Reproduce exactly, and only, the lines of the material below running from the line bearing "Cocktail and sunglasses" through the line bearing "Former Arkansas Razorback". Leave any pictures out.

» DATA SUPPLIED:
•••

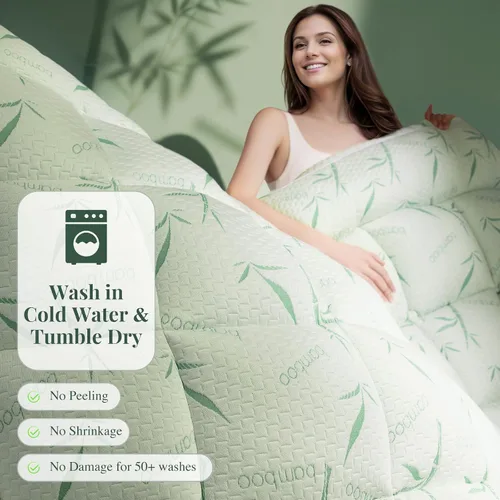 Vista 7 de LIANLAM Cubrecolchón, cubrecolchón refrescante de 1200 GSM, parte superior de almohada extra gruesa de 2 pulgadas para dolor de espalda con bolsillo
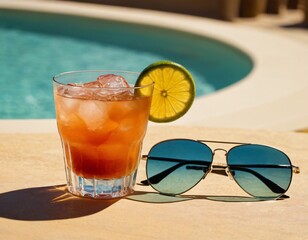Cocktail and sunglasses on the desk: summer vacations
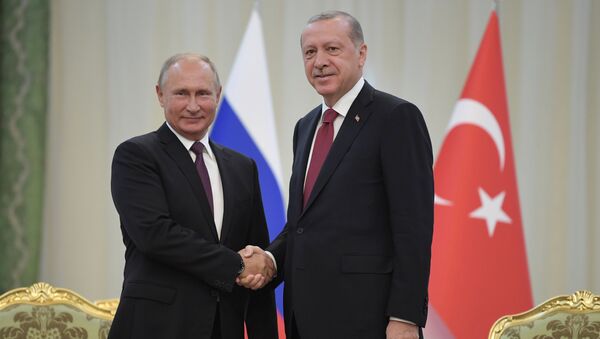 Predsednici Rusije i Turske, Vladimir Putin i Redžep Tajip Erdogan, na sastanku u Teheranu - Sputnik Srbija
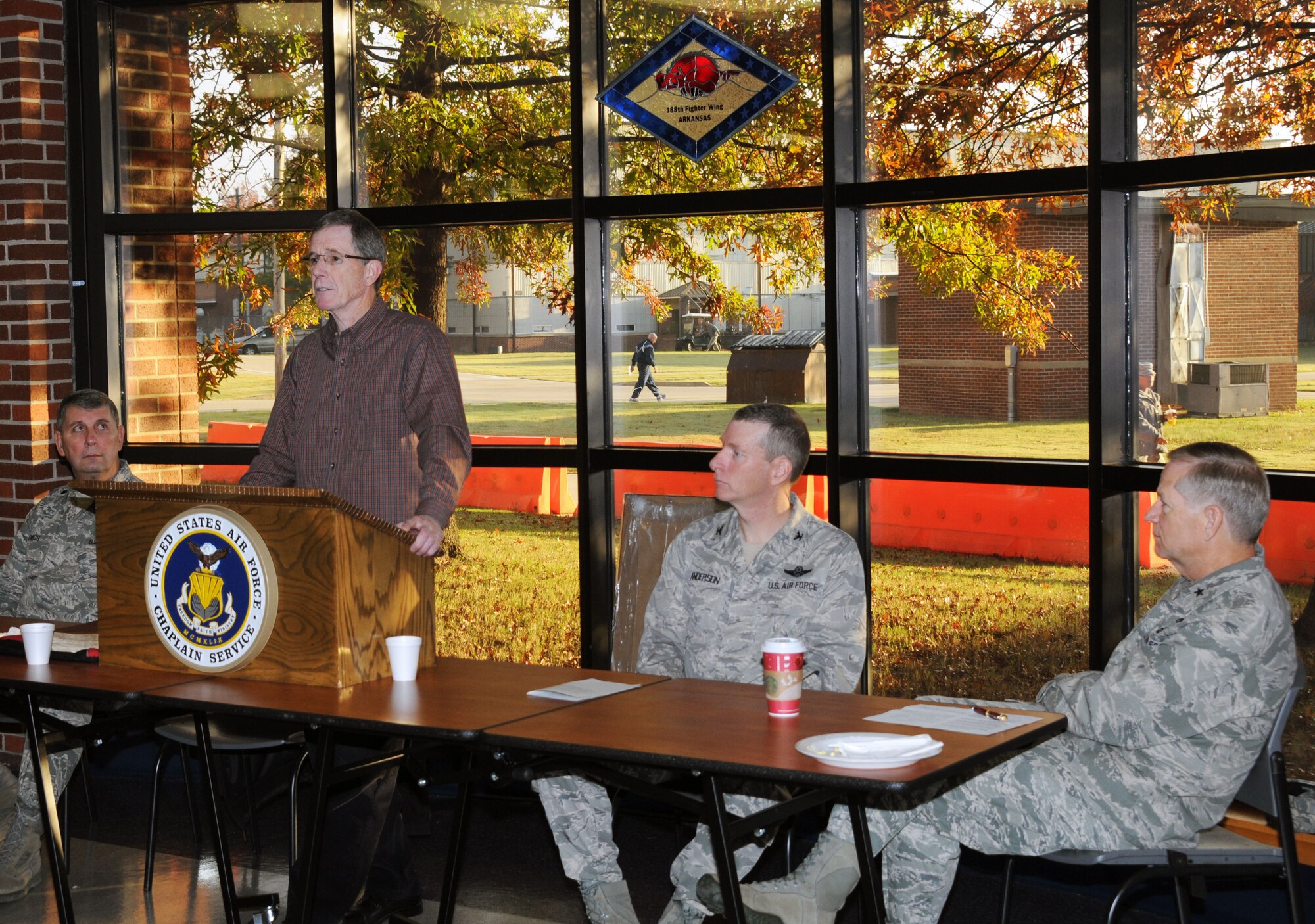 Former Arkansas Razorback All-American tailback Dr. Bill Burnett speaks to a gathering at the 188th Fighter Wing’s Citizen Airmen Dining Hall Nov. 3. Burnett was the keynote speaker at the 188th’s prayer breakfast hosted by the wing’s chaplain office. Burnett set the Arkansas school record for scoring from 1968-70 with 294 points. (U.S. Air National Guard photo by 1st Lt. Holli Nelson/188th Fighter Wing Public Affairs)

•••

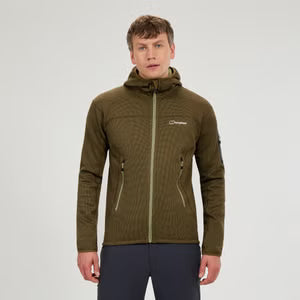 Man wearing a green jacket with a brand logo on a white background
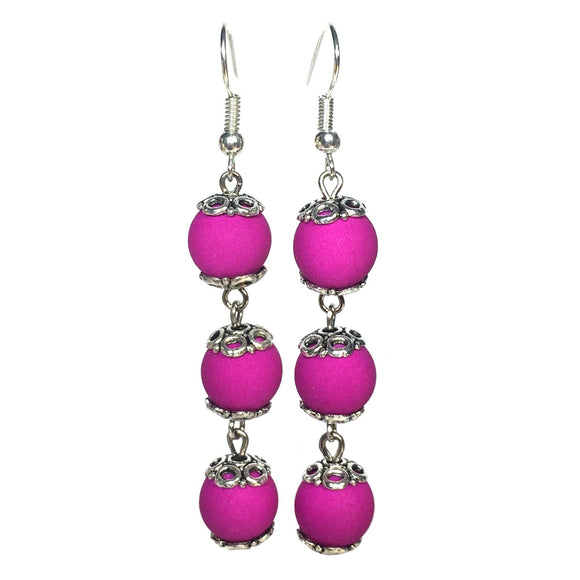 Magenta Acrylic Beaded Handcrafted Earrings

•••

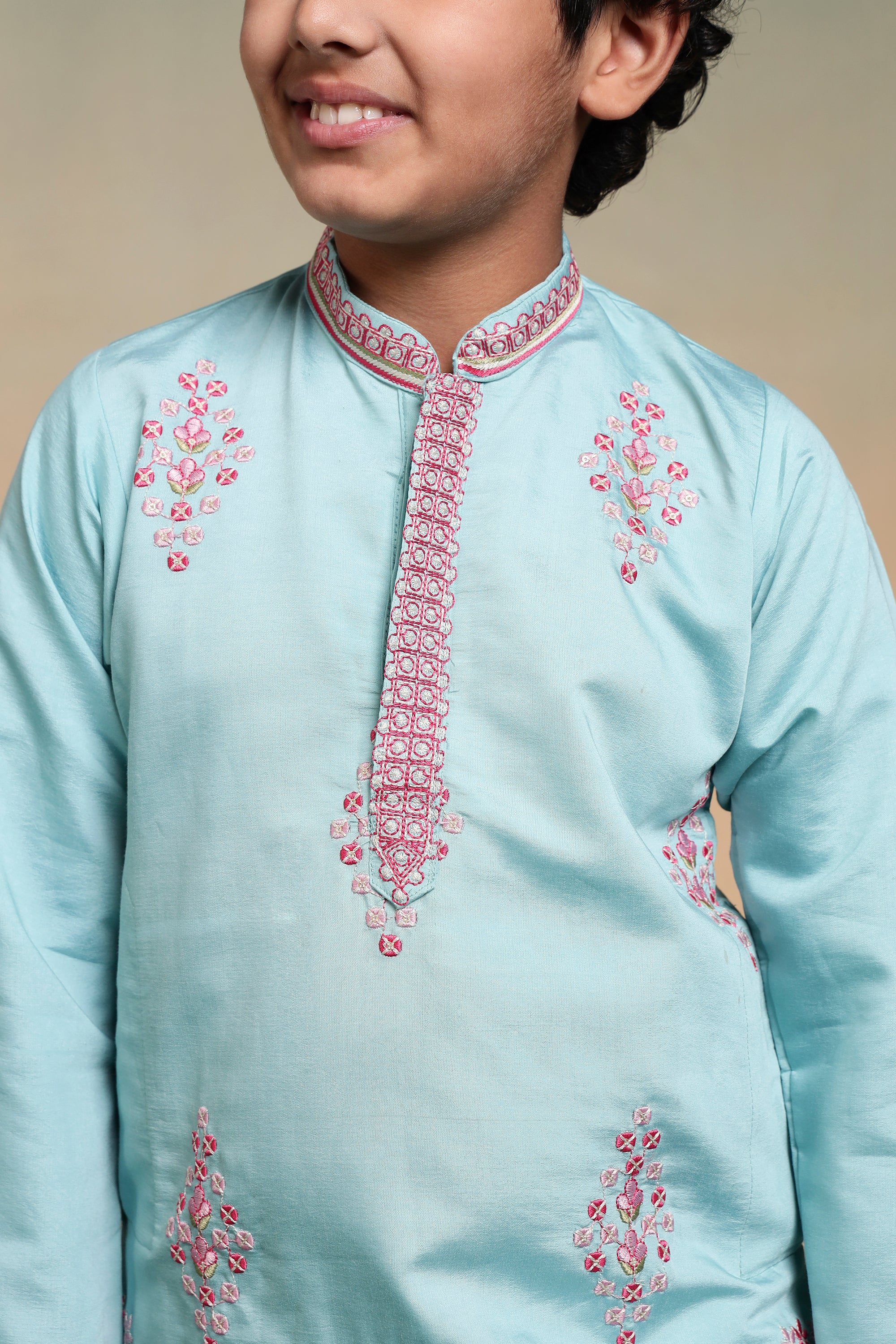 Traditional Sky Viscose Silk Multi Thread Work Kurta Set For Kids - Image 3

•••

» ANSWER SECTION:
Cocktail and sunglasses on the desk: summer vacations
 Predsednici Rusije i Turske, Vladimir Putin i Redžep Tajip Erdogan, na sastanku u Teheranu - Sputnik Srbija
 Former Arkansas Razorback All-American tailback Dr. Bill Burnett speaks to a gathering at the 188th Fighter Wing’s Citizen Airmen Dining Hall Nov. 3. Burnett was the keynote speaker at the 188th’s prayer breakfast hosted by the wing’s chaplain office. Burnett set the Arkansas school record for scoring from 1968-70 with 294 points. (U.S. Air National Guard photo by 1st Lt. Holli Nelson/188th Fighter Wing Public Affairs)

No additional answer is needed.